[Image-text web data]
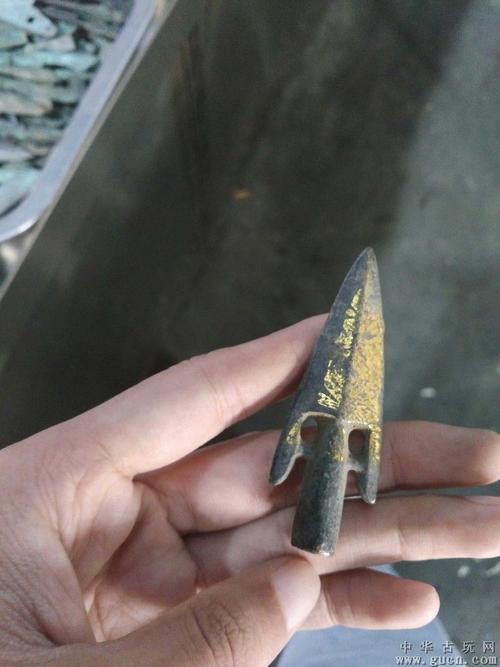 古代羽箭铁箭头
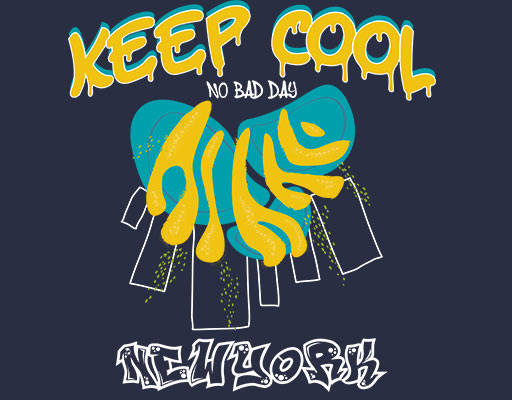 简笔卡通英文字母涂鸦英文字母喷溅文字图案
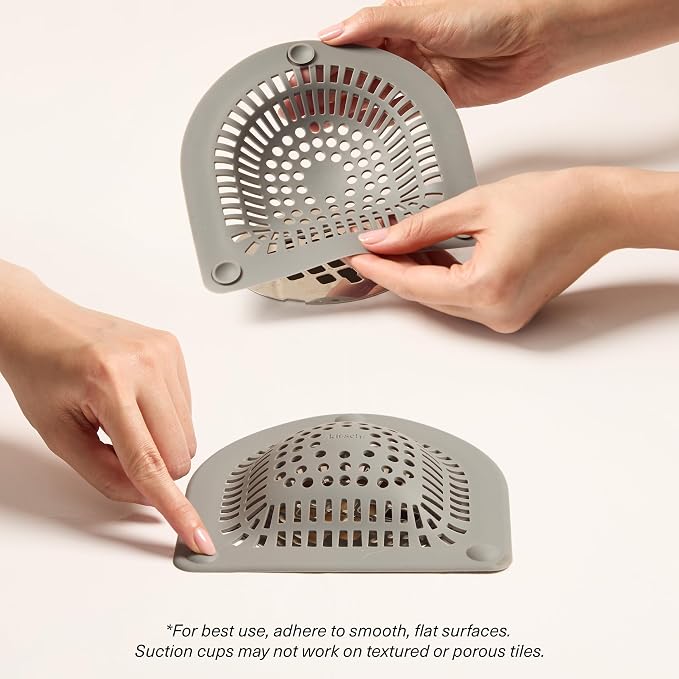 Kitsch Shower Drain Hair Catcher - Image 6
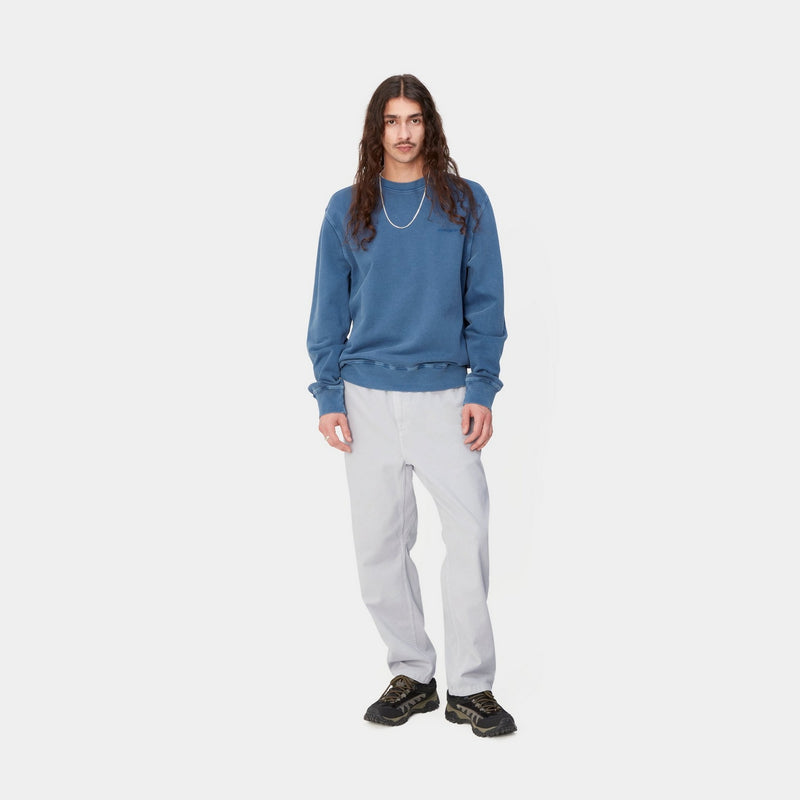 Carhartt WIP Flint Pant - Twill | Sonic Silver – Page Flint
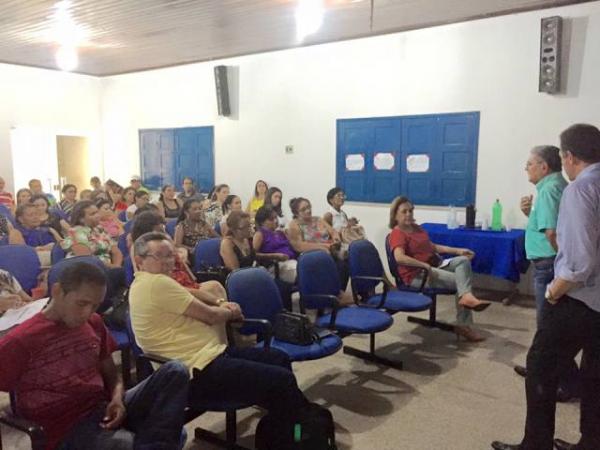 Secretaria Municipal de Educa&ccedil;&atilde;o lan&ccedil;a Olimp&iacute;ada de Portugu&ecirc;s.(Imagem:Waldemir Miranda)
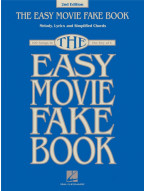 Easy Movie Fake Book - 2nd Edition (noty, melodická linka, akordy)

• Task to complete: All of the entries need to be retyped word for word, pictures excluded.

• Answer to the exercise:
 古代羽箭铁箭头
 简笔卡通英文字母涂鸦英文字母喷溅文字图案
 Kitsch Shower Drain Hair Catcher - Image 6
 Carhartt WIP Flint Pant - Twill | Sonic Silver – Page Flint
 Secretaria Municipal de Educa&ccedil;&atilde;o lan&ccedil;a Olimp&iacute;ada de Portugu&ecirc;s.(Imagem:Waldemir Miranda)
 Easy Movie Fake Book - 2nd Edition (noty, melodická linka, akordy)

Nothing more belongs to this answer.